Resolve issues faster with contextualized root cause analysis workflows in Grafana Cloud

• 2024-09-24 • 9 min

One of the biggest challenges in troubleshooting complex microservice-based applications is the manual correlation across both application and infrastructure layers. Teams must connect these anomalies over time, understand cause-and-effect relationships, and detect patterns to diagnose issues. This process is often costly and time-consuming, prone to errors, and leads to delays in mean time to resolution (MTTR).

We took a big step forward in bridging the gap in this area last year when we announced the acquisition of Asserts.ai during ObservabilityCON 2023. Asserts leverages AI/ML to offer an automated approach to correlating anomalies across your application and infrastructure signals for faster issue resolution.

Since then, our team has been focused on integrating Asserts with Grafana Cloud solutions. Today, at ObservabilityCON 2024, we are excited to share the results of our efforts — a suite of unified workflows connecting Asserts and Grafana Cloud solutions to further simplify troubleshooting and reduce MTTR for:

By automating the correlation of anomalies across infrastructure and application layers and providing a more cohesive troubleshooting experience in Grafana Cloud, these AI-driven inferences enable even junior engineers to more effectively understand and diagnose issues in complex systems.

We’ve started rolling out these new capabilities, and by Oct. 2, all Grafana Cloud Advanced customers will have access to Asserts and these integrated workflows from the Grafana Cloud navigation menu. (Note: Kubernetes Monitoring in Grafana Cloud will be required to run Asserts. Our system will automatically analyze your setup and guide you through the onboarding process.)

In this blog post, we’ll explore:

How Asserts works
How to conduct domain-specific investigations in Grafana Cloud with Asserts
A detailed example of the unified workflows in action

What is Asserts?

Built for Prometheus and OpenTelemetry instrumentation, Asserts is a tool that automates anomaly detection and correlation, providing a unique contextual layer to your application and infrastructure telemetry. This makes it an ideal starting point for efficient and effective troubleshooting.

How Asserts works

Real-time monitoring of applications and infrastructure

For users who prefer starting with a high-level overview of their system components and their health, Asserts features the Entity Explorer. It provides a real-time map of your application and infrastructure architecture, displaying health status for entities, and indexes the graph for easy searching.

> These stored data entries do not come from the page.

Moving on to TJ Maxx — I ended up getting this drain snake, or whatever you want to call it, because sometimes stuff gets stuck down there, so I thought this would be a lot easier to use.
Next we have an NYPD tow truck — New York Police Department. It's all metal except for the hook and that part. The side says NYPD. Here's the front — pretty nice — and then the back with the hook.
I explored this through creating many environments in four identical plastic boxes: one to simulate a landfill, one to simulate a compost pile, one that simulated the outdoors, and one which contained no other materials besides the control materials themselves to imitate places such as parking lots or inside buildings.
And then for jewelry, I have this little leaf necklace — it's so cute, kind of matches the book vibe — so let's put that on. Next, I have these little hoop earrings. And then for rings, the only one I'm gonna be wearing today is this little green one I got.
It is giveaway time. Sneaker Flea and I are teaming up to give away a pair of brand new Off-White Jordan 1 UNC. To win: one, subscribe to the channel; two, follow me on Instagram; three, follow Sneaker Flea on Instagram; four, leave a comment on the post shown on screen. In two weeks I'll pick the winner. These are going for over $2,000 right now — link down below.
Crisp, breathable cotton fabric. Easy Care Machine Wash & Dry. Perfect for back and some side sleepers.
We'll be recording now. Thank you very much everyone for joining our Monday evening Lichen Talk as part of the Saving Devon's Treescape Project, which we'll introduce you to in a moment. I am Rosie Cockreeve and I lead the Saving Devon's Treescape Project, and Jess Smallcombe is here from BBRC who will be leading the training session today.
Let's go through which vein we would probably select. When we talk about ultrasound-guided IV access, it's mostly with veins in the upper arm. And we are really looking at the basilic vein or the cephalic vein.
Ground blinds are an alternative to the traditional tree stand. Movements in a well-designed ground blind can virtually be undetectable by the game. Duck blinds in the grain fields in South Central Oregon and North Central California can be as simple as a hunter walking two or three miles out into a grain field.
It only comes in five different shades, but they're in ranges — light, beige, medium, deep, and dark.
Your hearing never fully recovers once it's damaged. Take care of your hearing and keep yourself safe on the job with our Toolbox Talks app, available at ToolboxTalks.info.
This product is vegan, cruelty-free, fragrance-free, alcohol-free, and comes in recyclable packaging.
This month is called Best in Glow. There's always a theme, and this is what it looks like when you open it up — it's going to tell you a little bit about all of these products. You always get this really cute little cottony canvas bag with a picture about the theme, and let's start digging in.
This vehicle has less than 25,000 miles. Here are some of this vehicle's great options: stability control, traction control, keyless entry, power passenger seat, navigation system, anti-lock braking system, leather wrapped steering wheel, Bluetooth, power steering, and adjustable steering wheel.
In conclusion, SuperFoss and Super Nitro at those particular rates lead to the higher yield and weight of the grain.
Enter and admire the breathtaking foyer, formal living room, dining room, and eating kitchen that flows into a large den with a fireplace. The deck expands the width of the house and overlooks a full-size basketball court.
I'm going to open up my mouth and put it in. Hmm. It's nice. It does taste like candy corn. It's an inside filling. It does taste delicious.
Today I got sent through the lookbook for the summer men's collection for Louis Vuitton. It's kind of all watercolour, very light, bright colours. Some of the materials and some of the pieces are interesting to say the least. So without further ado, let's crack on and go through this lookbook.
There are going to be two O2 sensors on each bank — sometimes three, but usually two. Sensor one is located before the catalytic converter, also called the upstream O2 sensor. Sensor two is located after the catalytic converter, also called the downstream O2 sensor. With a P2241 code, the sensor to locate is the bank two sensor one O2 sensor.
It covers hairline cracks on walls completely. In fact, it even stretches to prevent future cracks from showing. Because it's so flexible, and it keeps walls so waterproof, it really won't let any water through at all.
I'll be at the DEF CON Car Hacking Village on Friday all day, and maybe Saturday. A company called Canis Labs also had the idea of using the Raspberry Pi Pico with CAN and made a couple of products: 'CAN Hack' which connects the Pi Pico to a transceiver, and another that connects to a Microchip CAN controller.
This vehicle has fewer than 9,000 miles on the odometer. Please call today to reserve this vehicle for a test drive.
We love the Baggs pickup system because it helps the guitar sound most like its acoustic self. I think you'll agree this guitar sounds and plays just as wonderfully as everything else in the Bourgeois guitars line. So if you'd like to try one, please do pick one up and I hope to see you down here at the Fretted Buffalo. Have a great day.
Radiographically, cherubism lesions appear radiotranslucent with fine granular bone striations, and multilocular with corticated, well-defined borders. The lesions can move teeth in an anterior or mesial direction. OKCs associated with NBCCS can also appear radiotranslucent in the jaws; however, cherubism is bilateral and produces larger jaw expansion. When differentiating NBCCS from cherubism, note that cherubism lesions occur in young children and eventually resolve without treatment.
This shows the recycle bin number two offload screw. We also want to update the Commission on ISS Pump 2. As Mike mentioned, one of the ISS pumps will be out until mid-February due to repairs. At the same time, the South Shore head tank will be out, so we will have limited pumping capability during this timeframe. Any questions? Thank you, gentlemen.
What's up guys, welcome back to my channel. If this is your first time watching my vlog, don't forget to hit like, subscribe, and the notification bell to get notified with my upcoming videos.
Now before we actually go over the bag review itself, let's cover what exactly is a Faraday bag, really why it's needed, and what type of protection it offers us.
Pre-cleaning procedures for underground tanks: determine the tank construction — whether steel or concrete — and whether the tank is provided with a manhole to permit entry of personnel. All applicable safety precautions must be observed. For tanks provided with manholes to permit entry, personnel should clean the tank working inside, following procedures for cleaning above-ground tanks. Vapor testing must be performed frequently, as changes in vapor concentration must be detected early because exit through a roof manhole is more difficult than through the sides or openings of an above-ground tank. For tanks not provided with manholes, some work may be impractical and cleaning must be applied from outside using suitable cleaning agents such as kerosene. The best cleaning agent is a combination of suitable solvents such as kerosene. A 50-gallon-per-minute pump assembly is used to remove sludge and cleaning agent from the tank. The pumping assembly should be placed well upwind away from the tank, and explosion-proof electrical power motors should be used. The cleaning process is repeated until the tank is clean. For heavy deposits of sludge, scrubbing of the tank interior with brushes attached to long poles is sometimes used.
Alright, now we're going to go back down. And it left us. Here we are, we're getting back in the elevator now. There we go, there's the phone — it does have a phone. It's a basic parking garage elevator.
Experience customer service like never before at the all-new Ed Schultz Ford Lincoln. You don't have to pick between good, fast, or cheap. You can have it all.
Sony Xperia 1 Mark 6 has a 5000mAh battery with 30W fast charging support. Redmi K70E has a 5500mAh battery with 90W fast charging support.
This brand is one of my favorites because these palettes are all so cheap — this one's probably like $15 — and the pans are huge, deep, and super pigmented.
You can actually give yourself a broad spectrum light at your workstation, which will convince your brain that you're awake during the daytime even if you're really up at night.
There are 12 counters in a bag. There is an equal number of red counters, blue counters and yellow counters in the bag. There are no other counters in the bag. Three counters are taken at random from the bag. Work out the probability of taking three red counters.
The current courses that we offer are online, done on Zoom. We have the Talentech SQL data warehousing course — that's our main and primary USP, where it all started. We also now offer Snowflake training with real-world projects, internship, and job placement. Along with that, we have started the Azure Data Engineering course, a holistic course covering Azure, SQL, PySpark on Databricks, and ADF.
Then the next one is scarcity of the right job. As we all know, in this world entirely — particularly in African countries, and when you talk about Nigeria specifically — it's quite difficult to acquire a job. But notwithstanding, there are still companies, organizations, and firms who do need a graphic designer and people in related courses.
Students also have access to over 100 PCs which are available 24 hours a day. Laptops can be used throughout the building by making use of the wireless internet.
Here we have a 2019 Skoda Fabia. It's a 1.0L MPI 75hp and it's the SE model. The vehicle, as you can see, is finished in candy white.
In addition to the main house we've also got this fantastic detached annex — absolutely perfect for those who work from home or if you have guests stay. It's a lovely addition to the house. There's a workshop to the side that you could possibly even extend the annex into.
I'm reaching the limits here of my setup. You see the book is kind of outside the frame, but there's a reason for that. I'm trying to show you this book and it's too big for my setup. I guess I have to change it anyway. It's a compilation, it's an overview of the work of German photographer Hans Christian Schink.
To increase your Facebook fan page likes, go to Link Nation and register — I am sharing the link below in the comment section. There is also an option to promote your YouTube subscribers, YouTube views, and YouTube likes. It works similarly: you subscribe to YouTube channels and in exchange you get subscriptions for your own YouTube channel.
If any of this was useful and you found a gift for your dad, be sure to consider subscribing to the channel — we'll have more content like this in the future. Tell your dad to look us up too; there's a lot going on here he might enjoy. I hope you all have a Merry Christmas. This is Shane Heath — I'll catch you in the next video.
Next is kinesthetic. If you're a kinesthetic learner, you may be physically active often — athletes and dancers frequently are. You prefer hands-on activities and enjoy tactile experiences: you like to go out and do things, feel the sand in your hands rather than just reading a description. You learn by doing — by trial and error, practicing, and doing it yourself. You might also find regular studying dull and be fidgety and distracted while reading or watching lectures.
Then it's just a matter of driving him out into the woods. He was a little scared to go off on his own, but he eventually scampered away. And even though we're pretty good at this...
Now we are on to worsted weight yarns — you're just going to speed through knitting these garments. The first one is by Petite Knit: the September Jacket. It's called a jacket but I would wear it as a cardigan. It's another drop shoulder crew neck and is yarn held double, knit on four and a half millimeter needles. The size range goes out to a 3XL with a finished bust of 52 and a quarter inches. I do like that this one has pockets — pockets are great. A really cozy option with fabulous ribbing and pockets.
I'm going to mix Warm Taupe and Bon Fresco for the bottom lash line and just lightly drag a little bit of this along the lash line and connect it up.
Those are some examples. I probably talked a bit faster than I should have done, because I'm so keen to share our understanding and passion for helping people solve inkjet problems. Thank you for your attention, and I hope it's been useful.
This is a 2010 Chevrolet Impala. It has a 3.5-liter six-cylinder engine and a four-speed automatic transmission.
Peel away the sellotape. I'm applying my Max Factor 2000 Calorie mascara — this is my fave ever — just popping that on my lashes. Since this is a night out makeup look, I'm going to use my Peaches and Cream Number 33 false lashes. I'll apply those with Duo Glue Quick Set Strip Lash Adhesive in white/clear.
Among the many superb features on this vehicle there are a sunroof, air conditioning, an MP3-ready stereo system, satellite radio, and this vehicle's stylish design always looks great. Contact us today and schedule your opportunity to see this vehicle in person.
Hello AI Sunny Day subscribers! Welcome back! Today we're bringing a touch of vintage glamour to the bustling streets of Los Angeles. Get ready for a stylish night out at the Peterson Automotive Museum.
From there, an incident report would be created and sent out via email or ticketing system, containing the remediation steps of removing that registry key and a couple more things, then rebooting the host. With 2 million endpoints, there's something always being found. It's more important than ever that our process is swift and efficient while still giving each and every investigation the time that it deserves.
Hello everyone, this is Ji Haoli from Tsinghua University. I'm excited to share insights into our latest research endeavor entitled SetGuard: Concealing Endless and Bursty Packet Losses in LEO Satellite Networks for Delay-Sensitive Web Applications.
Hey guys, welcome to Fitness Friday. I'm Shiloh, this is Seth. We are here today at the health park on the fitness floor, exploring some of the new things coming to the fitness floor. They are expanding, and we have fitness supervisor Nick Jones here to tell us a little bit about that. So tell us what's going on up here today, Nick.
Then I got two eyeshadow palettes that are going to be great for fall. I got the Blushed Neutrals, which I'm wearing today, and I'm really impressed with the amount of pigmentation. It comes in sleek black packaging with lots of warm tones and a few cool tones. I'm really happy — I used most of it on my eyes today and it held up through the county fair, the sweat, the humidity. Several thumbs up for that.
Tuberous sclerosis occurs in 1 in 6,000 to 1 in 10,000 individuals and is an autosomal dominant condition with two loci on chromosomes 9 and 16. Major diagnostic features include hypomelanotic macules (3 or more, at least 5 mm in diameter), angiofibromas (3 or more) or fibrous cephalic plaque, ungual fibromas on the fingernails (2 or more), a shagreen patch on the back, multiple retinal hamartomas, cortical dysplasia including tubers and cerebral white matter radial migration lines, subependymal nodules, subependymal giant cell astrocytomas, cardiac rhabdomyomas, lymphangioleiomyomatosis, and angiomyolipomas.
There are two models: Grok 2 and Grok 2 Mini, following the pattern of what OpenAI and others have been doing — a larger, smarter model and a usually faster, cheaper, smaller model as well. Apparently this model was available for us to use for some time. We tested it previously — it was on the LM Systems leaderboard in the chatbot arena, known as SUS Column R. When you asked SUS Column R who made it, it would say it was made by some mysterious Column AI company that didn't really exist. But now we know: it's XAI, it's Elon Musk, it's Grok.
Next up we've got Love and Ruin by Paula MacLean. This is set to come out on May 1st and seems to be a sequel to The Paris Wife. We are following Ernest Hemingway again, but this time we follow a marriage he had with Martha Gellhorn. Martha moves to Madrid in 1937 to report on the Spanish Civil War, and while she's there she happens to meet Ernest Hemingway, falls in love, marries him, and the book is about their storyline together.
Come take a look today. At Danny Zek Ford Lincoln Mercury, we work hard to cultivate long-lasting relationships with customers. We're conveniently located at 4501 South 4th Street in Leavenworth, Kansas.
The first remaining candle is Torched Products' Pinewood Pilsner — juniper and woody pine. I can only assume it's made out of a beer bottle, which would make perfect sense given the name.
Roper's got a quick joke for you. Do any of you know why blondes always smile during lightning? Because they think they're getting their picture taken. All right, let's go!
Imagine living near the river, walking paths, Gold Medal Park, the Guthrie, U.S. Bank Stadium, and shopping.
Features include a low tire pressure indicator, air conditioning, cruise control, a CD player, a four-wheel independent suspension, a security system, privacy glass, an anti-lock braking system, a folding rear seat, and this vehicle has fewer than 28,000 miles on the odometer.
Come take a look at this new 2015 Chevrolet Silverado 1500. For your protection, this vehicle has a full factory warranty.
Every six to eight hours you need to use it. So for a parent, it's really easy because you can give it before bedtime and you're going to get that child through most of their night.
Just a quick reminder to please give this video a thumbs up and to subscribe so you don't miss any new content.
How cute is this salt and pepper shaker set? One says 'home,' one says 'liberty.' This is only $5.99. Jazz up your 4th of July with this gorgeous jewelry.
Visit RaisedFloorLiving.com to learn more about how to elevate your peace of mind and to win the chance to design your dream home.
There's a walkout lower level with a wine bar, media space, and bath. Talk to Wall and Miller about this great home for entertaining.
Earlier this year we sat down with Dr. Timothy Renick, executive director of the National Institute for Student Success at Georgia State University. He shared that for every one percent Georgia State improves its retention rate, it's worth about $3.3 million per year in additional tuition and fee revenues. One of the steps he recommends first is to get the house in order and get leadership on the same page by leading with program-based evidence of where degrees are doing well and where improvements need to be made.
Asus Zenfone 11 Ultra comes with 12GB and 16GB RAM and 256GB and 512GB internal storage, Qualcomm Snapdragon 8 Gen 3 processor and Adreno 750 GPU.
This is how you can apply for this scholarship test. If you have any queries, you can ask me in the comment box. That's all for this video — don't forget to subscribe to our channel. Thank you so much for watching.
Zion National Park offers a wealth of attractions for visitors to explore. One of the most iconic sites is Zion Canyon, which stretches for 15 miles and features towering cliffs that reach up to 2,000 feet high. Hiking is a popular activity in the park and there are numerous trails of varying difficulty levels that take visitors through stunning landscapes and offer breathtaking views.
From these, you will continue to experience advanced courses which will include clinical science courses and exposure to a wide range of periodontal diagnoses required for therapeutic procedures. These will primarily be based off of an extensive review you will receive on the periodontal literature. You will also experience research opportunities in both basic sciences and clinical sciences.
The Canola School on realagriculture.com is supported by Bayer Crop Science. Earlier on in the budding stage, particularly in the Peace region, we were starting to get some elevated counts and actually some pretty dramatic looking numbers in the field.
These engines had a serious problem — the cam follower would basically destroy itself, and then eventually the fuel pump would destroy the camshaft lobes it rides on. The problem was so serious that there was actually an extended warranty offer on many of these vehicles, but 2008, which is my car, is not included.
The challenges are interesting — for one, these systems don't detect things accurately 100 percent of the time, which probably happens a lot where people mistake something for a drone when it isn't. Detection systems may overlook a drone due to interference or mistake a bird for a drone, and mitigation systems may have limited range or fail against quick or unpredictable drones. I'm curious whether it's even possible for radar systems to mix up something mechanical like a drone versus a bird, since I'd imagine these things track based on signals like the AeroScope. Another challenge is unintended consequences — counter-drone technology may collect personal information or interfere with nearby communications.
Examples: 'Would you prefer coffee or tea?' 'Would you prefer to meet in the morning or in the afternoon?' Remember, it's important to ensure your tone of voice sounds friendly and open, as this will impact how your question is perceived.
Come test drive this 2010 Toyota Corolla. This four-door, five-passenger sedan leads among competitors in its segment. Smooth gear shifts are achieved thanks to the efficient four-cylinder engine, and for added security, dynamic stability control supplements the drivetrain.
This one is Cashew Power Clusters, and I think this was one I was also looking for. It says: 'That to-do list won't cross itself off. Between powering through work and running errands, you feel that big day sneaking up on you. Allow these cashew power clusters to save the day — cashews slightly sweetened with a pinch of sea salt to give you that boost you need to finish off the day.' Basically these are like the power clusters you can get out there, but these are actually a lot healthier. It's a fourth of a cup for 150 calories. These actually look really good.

Entity Explorer example in Asserts in Grafana Cloud — The Entity Explorer correlates application and infrastructure telemetry data through an intuitive map view.

SLO-based alerts

For those who rely on alerts, Asserts helps prevent alert fatigue by allowing you to set up SLO-based alerts. Creating SLOs directly in Asserts is now simpler than ever, thanks to a curated, query-less creation flow where users select the service and its endpoints to define SLOs.

Automatic anomaly detection and correlation

When an alert is triggered, Asserts directs you to a curated RCA (Root Cause Analysis) Workbench. This workbench provides a timeline of relevant system assertions—automated checks on system anomalies—that aid in analyzing the data, isolating problem areas, and forming hypotheses about the causality between events.

RCA workbench in Asserts in Grafana Cloud — The RCA workbench automatically correlates and prioritizes system anomalies.

How to perform domain-specific analysis with Asserts and Grafana Cloud

Once users have developed a hypothesis about the potential cause of an issue, they often need to dive deeper into specific entities and their telemetry to validate their findings and pinpoint the root cause. To enable this, we’ve integrated Asserts with Grafana Cloud’s best-in-class observability solutions:

Application Observability
Kubernetes Monitoring
Infrastructure solutions for MongoDB, Jenkins, Apache Tomcat, Docker, MySQL, SNMP, PostgreSQL, Clickhouse, and Caddy. (We are continuously expanding the list of supported solutions.)

After isolating the problem domain, users can access a performance summary along with the metrics, logs, and traces of the affected entity—whether it’s an application service, Kubernetes workload, or other infrastructure component. This was made possible by integrating prebuilt performance overview dashboards from various Grafana Cloud solutions directly into Asserts. Users can also easily cross-launch into individual Grafana Cloud solutions for more detailed troubleshooting.

Moreover, these workflows are bidirectional. Asserts provides a curated library of alerting rules to analyze metrics, and it detects anomalies in the form of assertions. These assertions are categorized according to the SAAFE Model—Saturation, Amend, Anomaly, Failure, and Error—to clarify their impact on the system. With the new Asserts and Grafana Cloud workflows, users can view these assertions within individual observability solutions and navigate to the Asserts RCA Workbench to get broader context on the causality chain. This seamless experience helps users efficiently navigate application and infrastructure layers during their investigation without losing context.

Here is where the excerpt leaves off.